A term-by-document matrix table, a quantitative representation of the four documents after parsing and normalization, is represented in Exhibit 3.06.

Document 1 Document 2 Document 3 Document 4
+love 1 0 1 0
+enjoy 0 1 0 1
banana 1 0 0 0
kiwi 1 1 0 0
mango 0 1 0 0
broccoli 0 0 1 1
bean 0 0 1 0
cauliflower 0 0 0 1

Parsing transformed each sentence into a parsed sentence (broken down into words/terms).

Text normalization filtered to exclude words that are prepositions/parts of speech such as and or I, words that do not have value.

Text stemming keeps only the roots of words: +love→ loved, +enjoy-→ enjoying, enjoyed.

Exhibit 3.06 Term-by-Document Matrix Table

The term-by-document matrix is a representation of how many times each term appears in each document. Sometimes we must apply weighting to impart more value on some of the terms. In this case, we did not apply any weighting. The above matrix becomes the foundation for subsequent analyses of the collection of the four documents. From this matrix, we can now apply dimension reduction, which is to find a collection of terms that best describes the concepts in the documents. This helps to assess the similarity between documents and terms versus documents.

In the next section, we will discuss what is needed to start your text analytics journey leveraging the IMPACT cycle.

The T3

Team

The ideal team to launch UDA includes people with a mix of business and technical backgrounds. The technical background is brought by data analysts, data scientists, statisticians, data miners, mathematicians, or computer scientists. The technical team members help import and load the data, and build algorithms to parse the data and analyze the text data through dimension reduction, clustering classification, and categorization prediction. Linguists and psychologists can help define the structure of the language, the meaning of words, and how to interpret and define some specific clusters in behavioral analysis or sentiment analysis. Their expertise is required because text analytics tools need be taught how to treat and understand the structure of the language, how sentences are formed, what words could be considered as a part of speech, idioms, polysemy, or synonymy in documents or sentence sections in a given sector or industry. Consequently, it is important that these experts work with data analysts to ensure the best understanding of the meaning of words, groups of words, concepts, topics, and text sentiment in the algorithms to be developed.

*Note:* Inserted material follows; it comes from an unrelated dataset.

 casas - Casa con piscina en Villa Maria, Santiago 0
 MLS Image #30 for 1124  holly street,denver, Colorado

The business expertise is represented by managers who understand the business question to be addressed. They are also instrumental in explaining the business language and concepts to the technical team. People with business industry acumen are required to ensure the end results are practical and actionable.

Technique

The most frequently used technique to analyze unstructured data leverages linear algebra, vector space model, matrices decomposition, and dimension reduction techniques such as SVD or QR factorization. Once the dimensions are reduced, techniques such as clustering and classification predictive models are applied to get more insight from the text data. These techniques help to derive topics and concepts and provide answers to the original business question raised in the Identify stage of the IMPACT framework. SVD is the most important linear algebra technique used for dimension reduction in text mining or NLP. Deerwester, Dumais, Furnas, Landauer, and Harshman3 were the first to apply SVD to term frequency matrices. This was done in the context of information retrieval called latent semantic indexing (LSI).

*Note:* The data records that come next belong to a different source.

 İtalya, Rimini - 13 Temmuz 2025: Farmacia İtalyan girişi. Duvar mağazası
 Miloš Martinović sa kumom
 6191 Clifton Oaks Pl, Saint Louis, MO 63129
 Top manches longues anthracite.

SVD can be found in many technical textbooks. While this book is not technical, the notion of dimension reduction is so critical that it is worth detailing. You can think of SVD as a mathematical technique that creates an optimal representation of the information contained in text data by reducing its dimension while keeping the essence of the original text. Instead of having a document represented by, as an example, eight terms, we can find an optimal way to represent documents using two concepts.

In our previous example concerning airline food satisfaction survey, the concept fruit would represent banana, kiwi, and mango as one dimension, while broccoli, bean, and cauliflower would be represented by the concept vegetable as a second dimension. SVD simplifies the hundreds of dimensions (varieties of fruits and varieties of vegetables), into two dimensions: fruits and vegetables. Looking at the document with sentences about preference for fruit or vegetable could help to understand food appeal and support the design of salads with fruits or vegetables.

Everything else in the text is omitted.